Oranges are green

Oranges are green

When you go to the grocery store, which oranges do you put in your cart? If you’re like most people, you pick the richest, orangest ones because they are the ripest and most flavorful, right?

Wrong.

On the tree, a mature orange is usually green-skinned. It will turn orange only if the cold temperature destroys the green chlorophyll pigments. In warmer climates, oranges are always green; but, in the US, oranges are green only if they are picked in the fall before the first cold snap or if they are picked early in the spring when the tree is flooded with chlorophyll to nourish the coming new growth.

The moment the orange growers pick the orange off the tree, they are green, (like in the picture) and that is as ripe and juicy as they will ever get.

So how do the oranges get all “Tropicana” orange before they arrive at your local grocery store? The growers gas them with an ethylene compound, which breaks down the chlorophyll. The deepness of orange is not an assurance of flavor, just a matter of how much extra chemicals went into fooling us.

Even people who know this little fact choose the deeper colored oranges at the grocery store.

This consumer desire for a deep orange color runs so deep it even affected Tropicana in their recent branding debacle.

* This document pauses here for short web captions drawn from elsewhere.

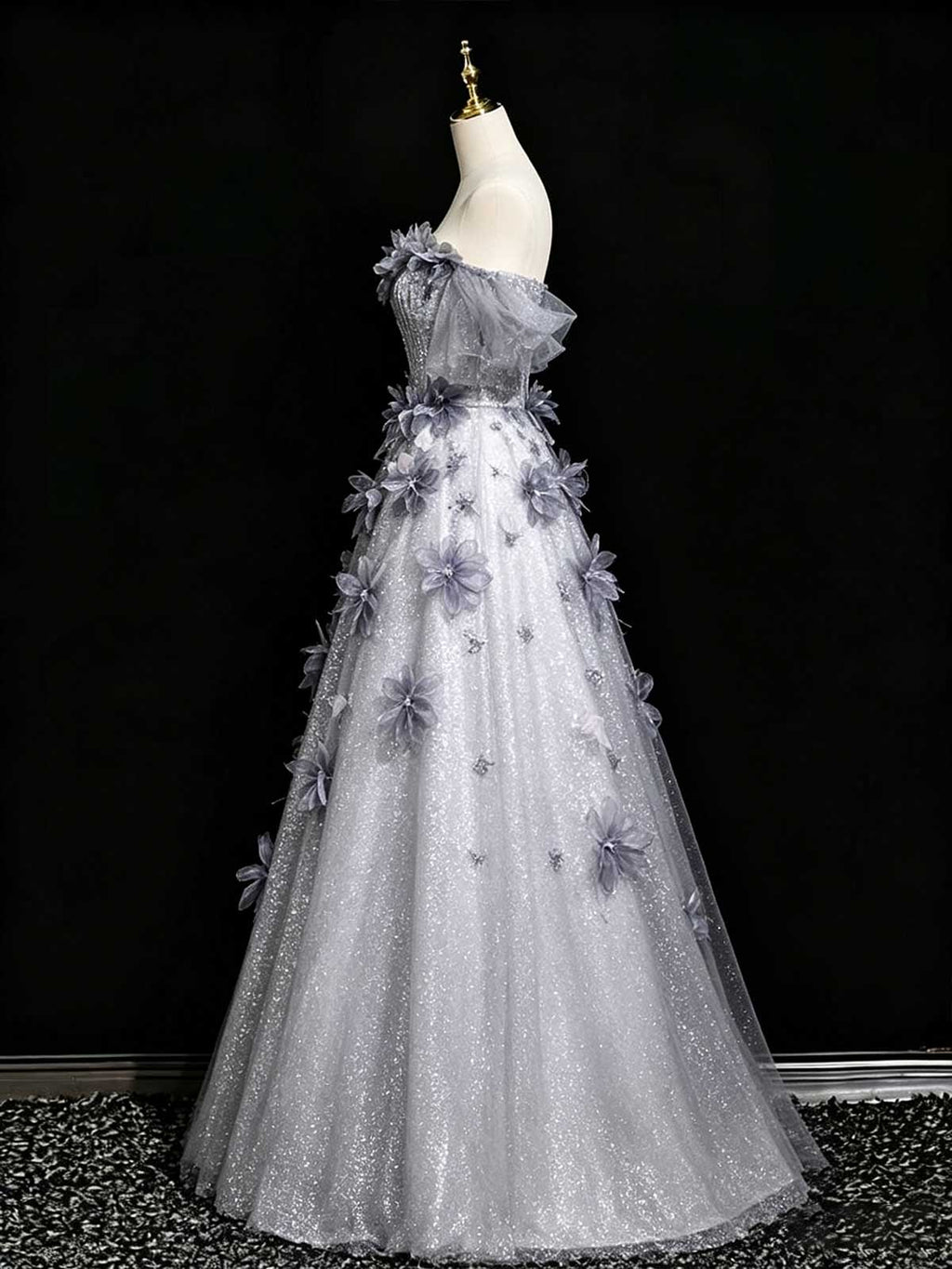 Silver Grey Floral Sequin Evening Gown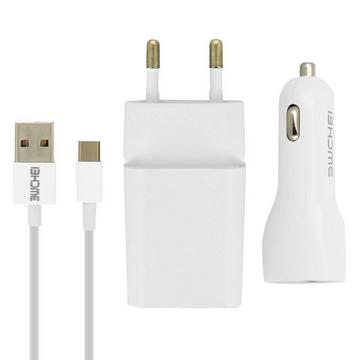 2.1 a Auto-Ladegerät USB-C Kabel Weiß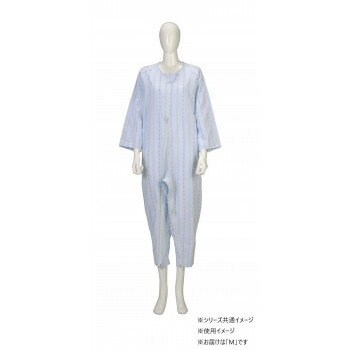 竹虎　ソフトケアねまき両開きファスナー薄手　ブルー　105893・M【お寄せ品、返品キャンセル不可。欠..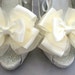 Ivory ShOe CliPs Satin and Organza Wedding Bridal Pinup Burlesque Peony Bows 4 Shoes by Seriously Sassy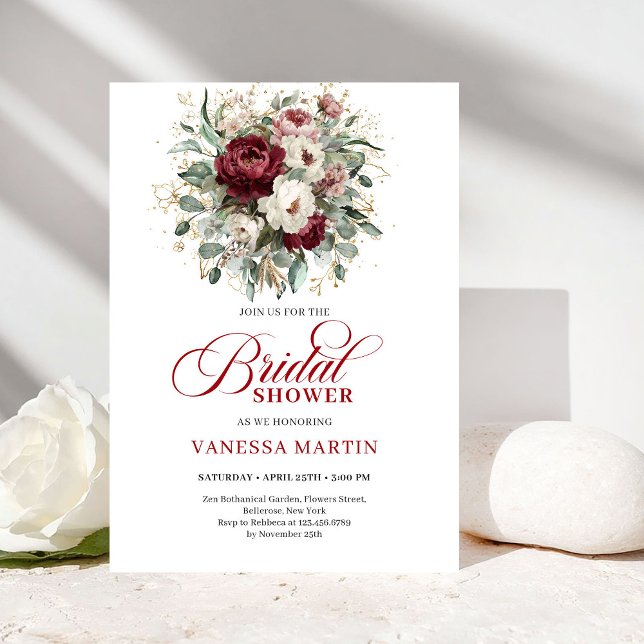Elegant Deep Red Floral Bridal Shower Invitation Inbjudningar (Elegant Deep Red Floral Bridal Shower Invitation)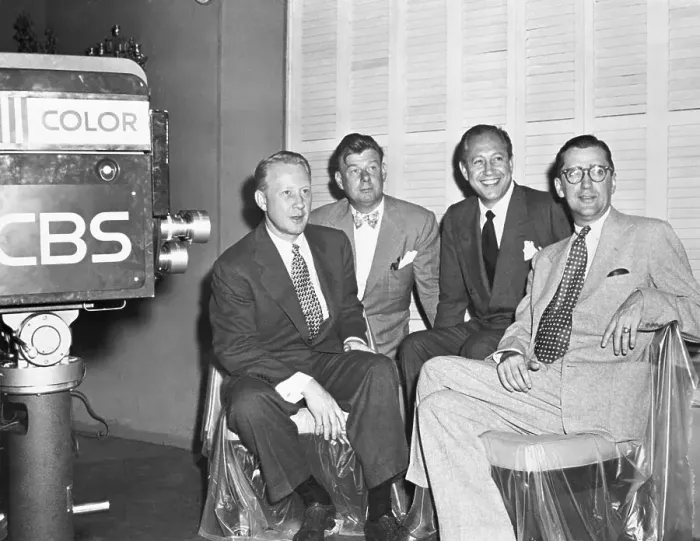 Framed Print : Pioneer Television Broadcasters During Release of Color Premier Framed Print : Pioneer Television Broadcasters During Release of Color Premier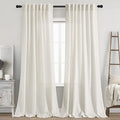 Back Tab Linen Curtains 96 inches Long 2 Panels Set by Nanspring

Consumers want the orange, and in this case the straw too.

The same thing is happening right now, across America. Unable to see inside, consumers are choosing services based on the things they can see. This is why design and first impressions are so important. You could have the absolute best service in your industry but if your website looks unprofessional, you’ll get passed over for oranger oranges.

Are you putting your best peel forward?